Fashionable tubes

"Tubular" motifs in design

Passing the gallery

Leading headings: Karina Chumakova

Magazine: N4 (126) 2008

Free lines, curved, as if the stems of vines, and rhythmic designs of hollow tubes resembling reeds, are invariably organically perceived, as they are peeped from nature itself.

The appearance in the 30s-40s of the 20th century of furniture on a frame of bent steel pipes can be considered a breakthrough comparable to the appearance of Tonet's chairs made of bent wood a century earlier. Both the first and the second have become “jazz standards” of furniture design - they are replayed and replayed in their own way and in their own way everything and everyone, while they remain unchanged and recognizable.
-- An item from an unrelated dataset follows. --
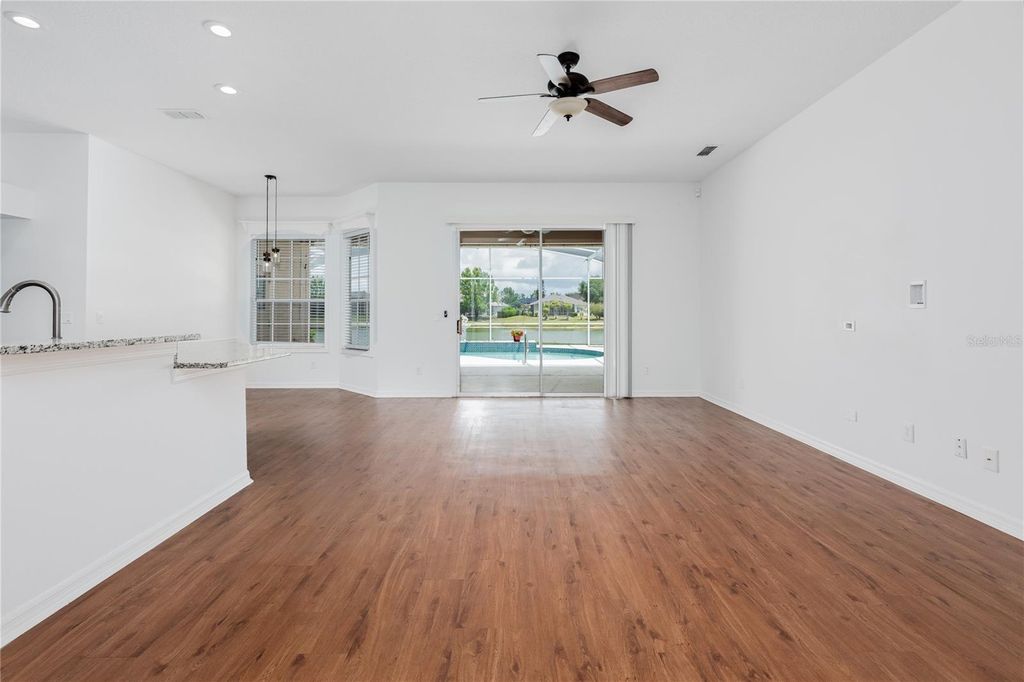 Image 29 of property listing at 1966 WESTBOURNE DRIVE, Oviedo, FL 32765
The tube is one of the most paradoxical bionic forms. Being inherently an ideal connecting structure, a transition from one form to another, it possesses tremendous bearing capacity and perfectly resists load and gravity. The stalk of wheat, for example, is capable of carrying an ear weight one and a half times its own. Almost the same principle is used in the construction of high-rise buildings.

Pipes, like those inspired by industrial design, are nice to the aesthetics of hi-tech and deconstruction, popular in our day. In turn, the design, based on the classical forms and images, continually returns to the tubular-like tubes made of blown glass. The play of light inside them and on their surface gives even massive tubular structures lightness and airiness.